I am retarded. GTA comes out April 29. I have not yet figured what was released April 22 - game, movie, TV show, book? Who knows? The date was glued in my head for some reason. GTA comes out the day after my three day holiday. Naturally.

I will have to console myself with the new hobby in Lord of the Rings Online (fishing) and the new areas and tokens and whatnot.

These two games should get me over the hump until Age of Conan comes out.

2.

I have mentally quit my job. My mind did not bother with the whole x days notice thing. It just threw the mental hands up and said, I'm outta here.

I just typed 10 pages of transcription for the Medical Director. I knew the 8 tapes prior to the one I just finished would not be the last of it. They will milk this transcription out of me until the day I leave.

The new person, who is working as a mental health technician here now, starts in May. For the uninitiated, a mental health tech is fancy talk for babysitter to mean, aggressive children.

3.

Regarding my holiday, I was told that I am not allowed to have the day off to observe Confederate Memorial Day because "you are a damned Yankee." That's okay, I'll take the day off anyway.

It will be spent going to the doctor to follow up on my ER visit Wednesday morning.

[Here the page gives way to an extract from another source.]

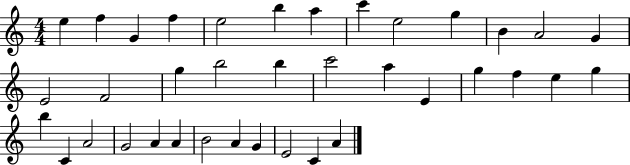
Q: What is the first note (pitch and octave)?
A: E5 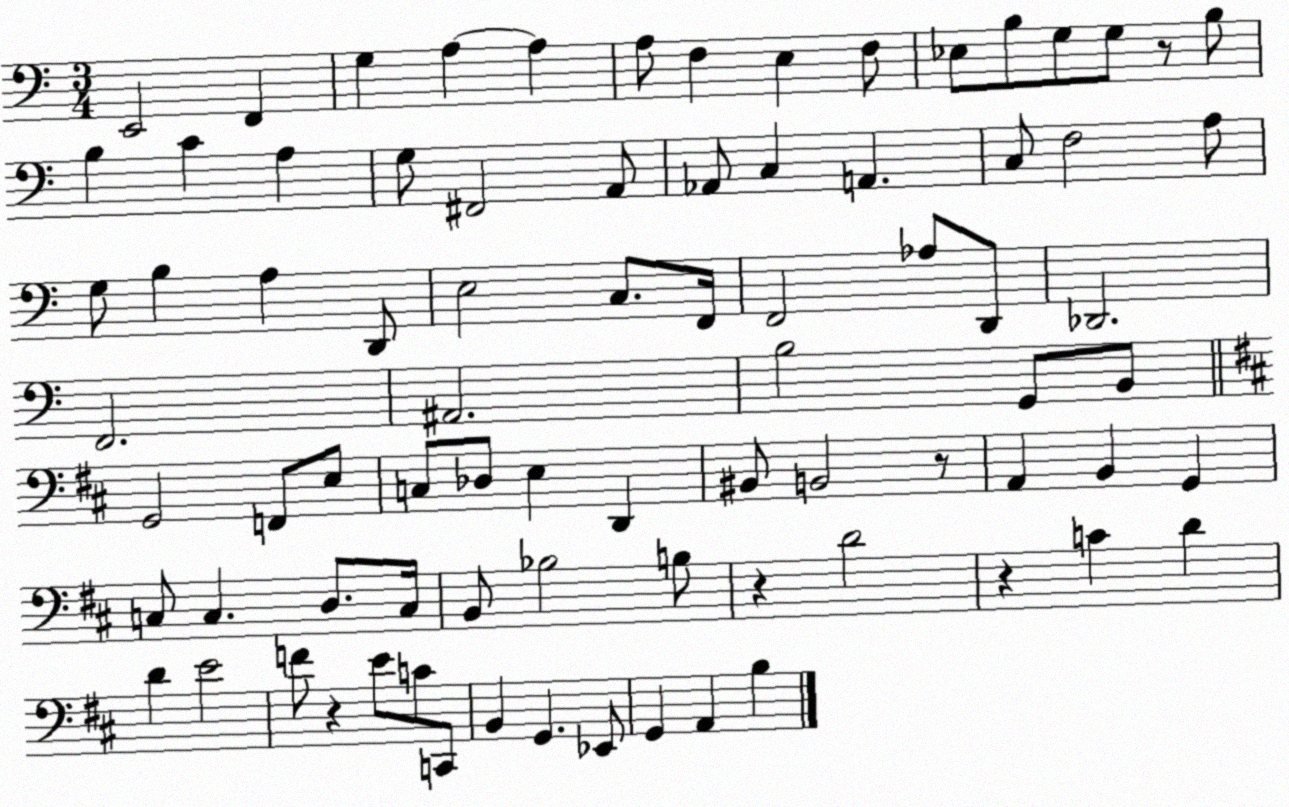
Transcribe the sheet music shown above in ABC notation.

The rumor around the ER was gall bladder. Just the name of the things make it seem like something you want removed. It also sounds like something horribly inappropriate to talk about - so I'll stop. I'm just getting things checked out.

I get to go to physical therapy that day as well. So all the fun of the day off has been effectively killed anyway.

4.

The great PVP/PVE debate rages on.

One day, I was wandering around Tatooine in the hopes of finding a gun. The folks in town told me about a gun dealer that lurked around in a small ratty town somewhere in the desert. I eventually found him - along with a posse of womp rats with a bad attitude.

Eventually, I fell in with the inhabitants of the run down city. This carried over into Call of Duty and also WoW for a while before the it became impossible to field a single instance run and I went off in search of larger guilds. I left the division, but I stayed in the guild and I have been a part of it for many years now.

It touts being like a family and like any good family, we fight. Currently, we are having a debate over which kind of server to chose for Age of Conan (henceforth known as AoC because I'm lazy). Start calling me a carebear now because personally I see little "pros" to being on a PVP server:

Pro
You learn your character. Okay look, I won't lie. You learn to play your character better on a PVP server when you are constantly having to fight the AI and everyone around you the entire time you play.

In terms of "hard core" the other people on the server tend to also know how to play their character. You are not likely to run into a warrior that says "but I'm not protection spec" when you ask them why they do not even own a shield. In this same vein, the PVP servers tend to be more progressive as far as game content goes because they are so tard core.

Con
The people on the server are generally nasty. They are greedy. They are mean. They use the word Chuck and Norris in far too many sentences - that is if they are even capable of putting together sentences.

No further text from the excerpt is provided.